For positions $r$ within the near field, the first term in the brackets dominates, and the velocity decays like $1/r^2$. Further out, the second term takes over and the far field decays like $1/r$.

The sphere radius $a$ no longer appears explicitly in either of eqs. (2) or (3). There is a limiting case, in which a vanishingly small sphere produces a volume flux $q$. This will not describe a physical system because the pressure and velocity are singular as $r \rightarrow 0$, but it is a result of great mathematical importance. Strictly, it is this limiting solution that is called an *acoustic monopole*.

Equation (2) is the pressure field produced by a volume source described by a *Dirac delta function*. Such solutions, in which the source term in a governing equation is replaced by a delta function, are known as *Green’s functions*. They can be used to assemble the solution for a more general source distribution by a process of linear superposition known as *convolution*. For the case of sound pressure, this will lead to a result called the *Rayleigh integral*: we will return to it in section 4.3.2.

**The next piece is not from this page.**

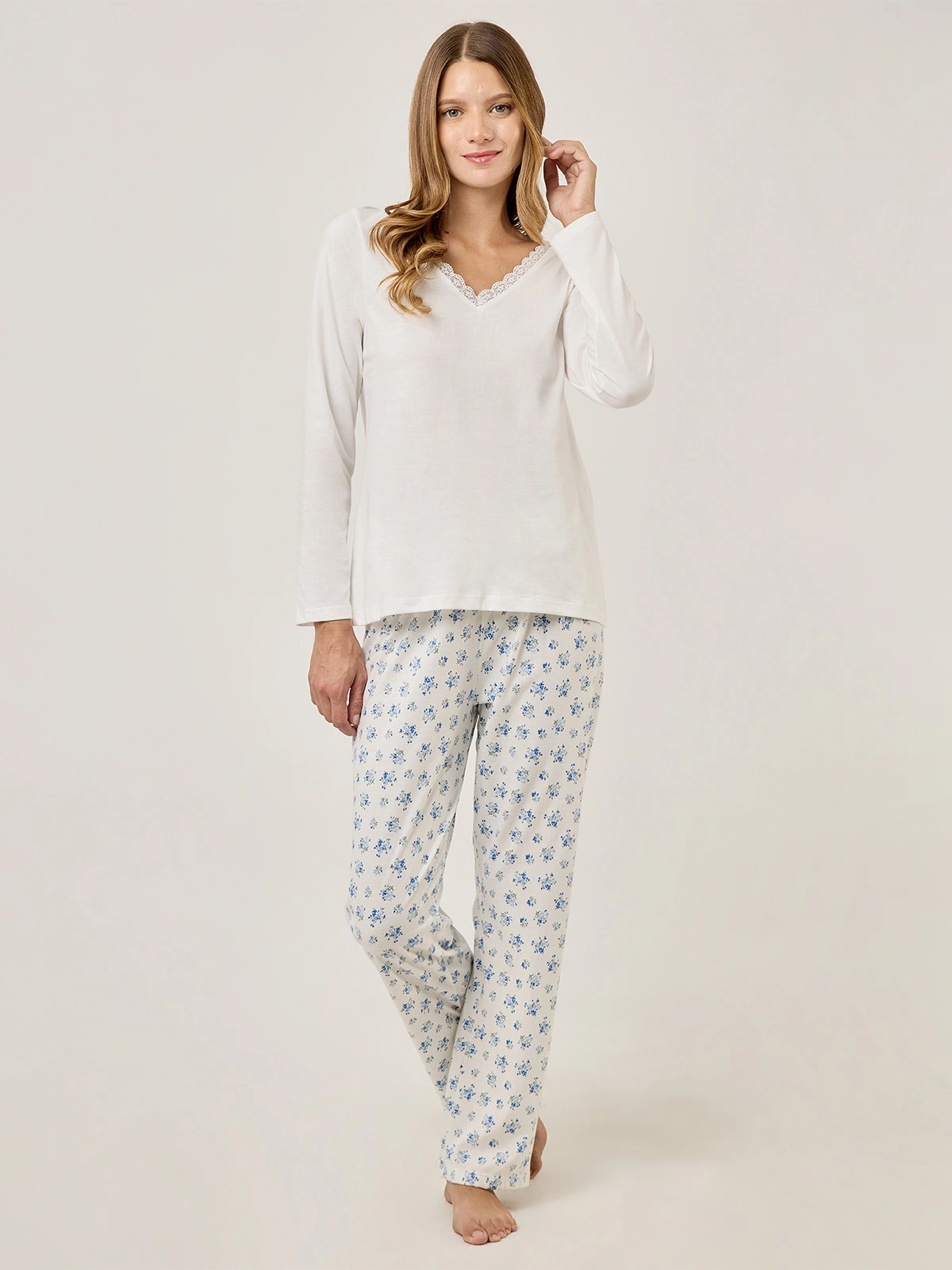 TOP PIJAMA MUJER MARQUIS ECRU ENCAJE - 5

For the present, we are interested in a different question. We want to obtain a similar approximation for a pair of monopoles with opposite phase, to obtain the idealised acoustic dipole. We can use a trick. Rather than calculating the pressure at a single point due to two monopoles with flux $q$ and $-q$ a short distance $h$ apart, we can calculate the *difference* of pressure in the field from eq. (2), at two *points* that are a distance $h$ apart. Suppose the line joining these two points is parallel to the $z$ axis. In the limiting case of small $h$, the result can be expressed in terms of a derivative of the pressure field:

$$p=-\dfrac{i \omega \rho_0 }{4 \pi} (hq) \dfrac{\partial}{\partial z} \left( \dfrac{e^{i \omega(t-r/c)}}{r} \right) . \tag{4}$$

Now a small movement $dz$ is related to a change $dr$ via the polar angle $\theta$: $dr=dz \cos \theta$, so

$$p=-\dfrac{i \omega \rho_0}{4 \pi} (hq) \dfrac{\partial}{\partial r} \left( \dfrac{e^{i \omega(t-r/c)}}{r} \right) \cos \theta \tag{5}$$

$$=-\dfrac{c \rho_0 }{4 \pi} (hq) \dfrac{\omega^2}{c^2} \left( 1+ \dfrac{c}{i \omega r}\right) \dfrac{e^{i \omega(t-r/c)}}{r} \cos \theta .\tag{6}$$

For this case the pressure has a near-field term decaying like $1/r^2$, given by the second term in the brackets, as well as a far-field term decaying like $1/r$ given by the first term in the brackets. The source strength $q$ and the separation $h$ only appear in the combination $qh$, which we can define as the *dipole moment* $M$.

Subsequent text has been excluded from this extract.